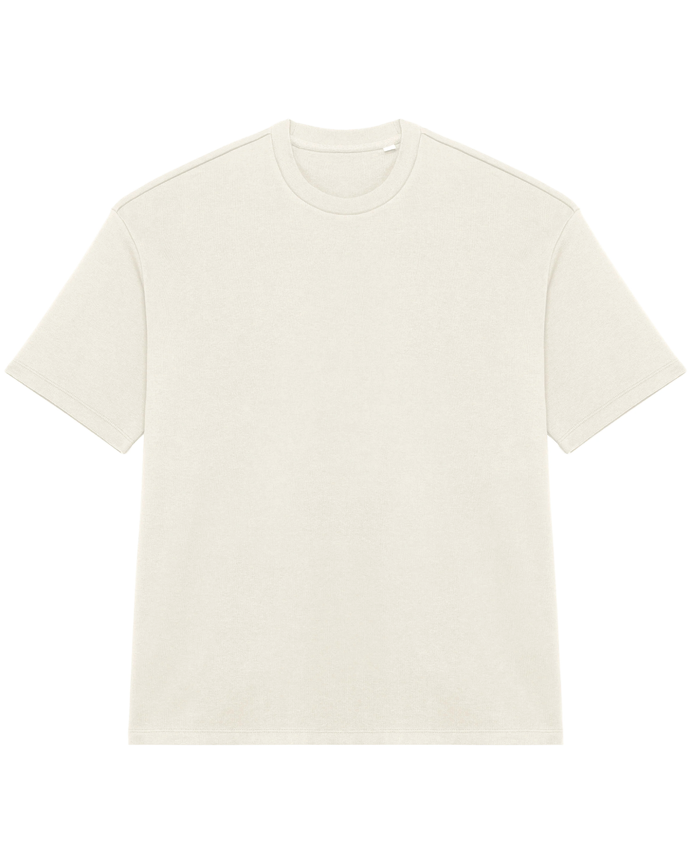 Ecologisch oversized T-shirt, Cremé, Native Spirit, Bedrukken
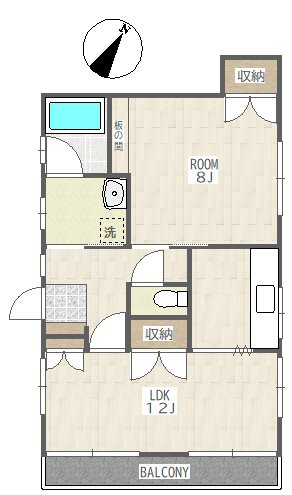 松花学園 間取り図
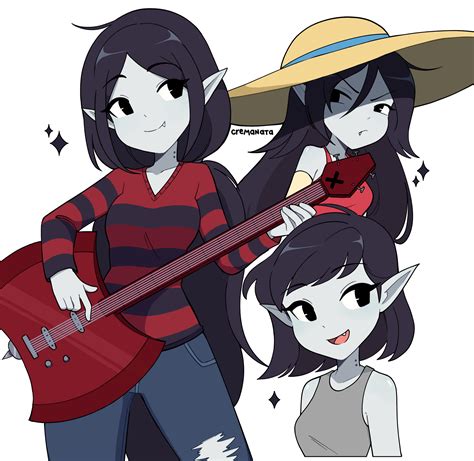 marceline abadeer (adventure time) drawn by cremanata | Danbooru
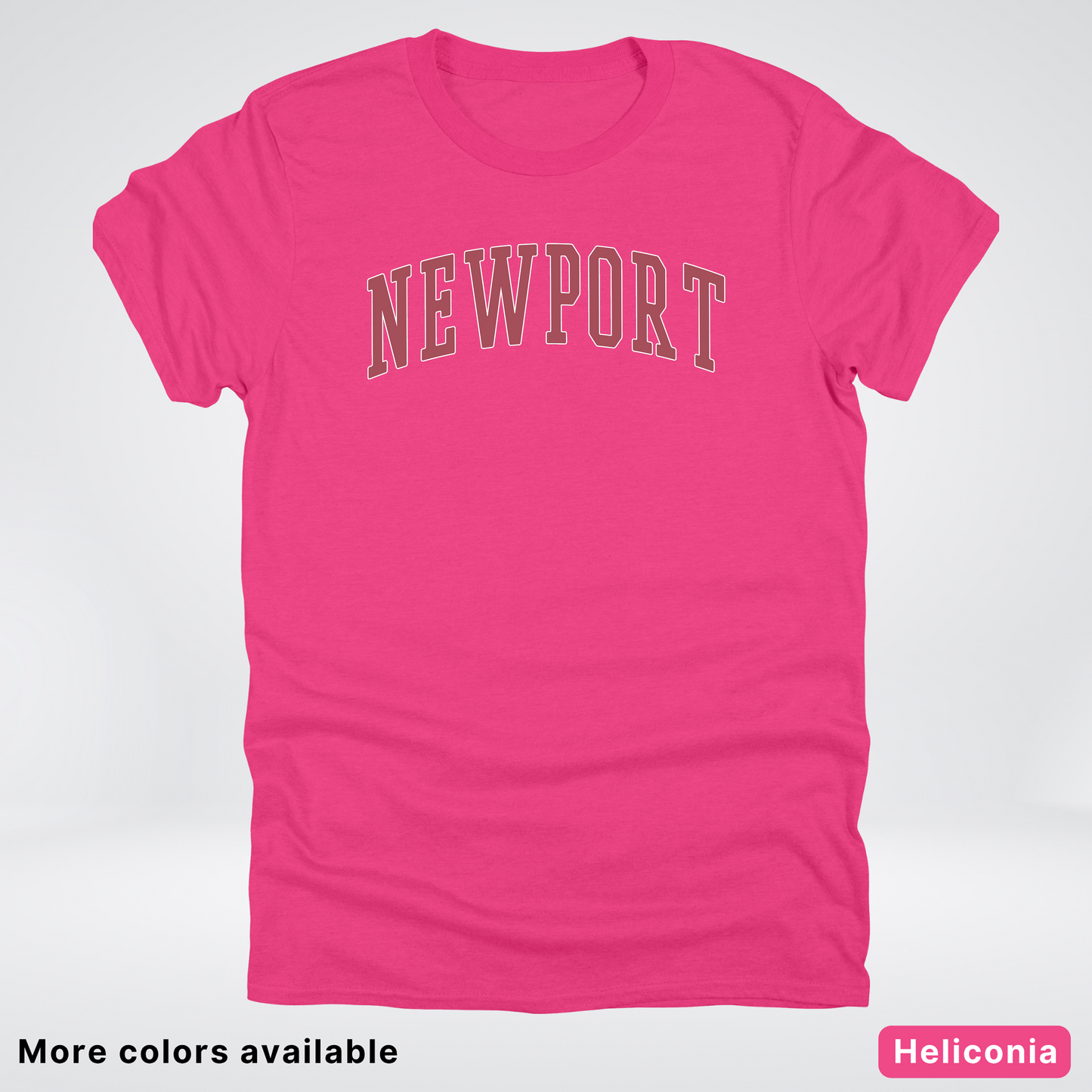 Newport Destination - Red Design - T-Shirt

★ ★ ★

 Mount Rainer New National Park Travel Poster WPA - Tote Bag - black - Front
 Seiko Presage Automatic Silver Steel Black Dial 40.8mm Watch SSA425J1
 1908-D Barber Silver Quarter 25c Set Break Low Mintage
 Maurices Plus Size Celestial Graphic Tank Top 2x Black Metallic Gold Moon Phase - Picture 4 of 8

★ ★ ★

> _Exercise prompt_
From the material above, give again exactly the lines from the one that contains "Ecologisch oversized T-shirt, Cremé, Native" through the one that contains "Newport Destination - Red Design - T-Shirt", and leave out the pictures.

> _Exercise result_
 Ecologisch oversized T-shirt, Cremé, Native Spirit, Bedrukken
 松花学園 間取り図
 marceline abadeer (adventure time) drawn by cremanata | Danbooru
 Newport Destination - Red Design - T-Shirt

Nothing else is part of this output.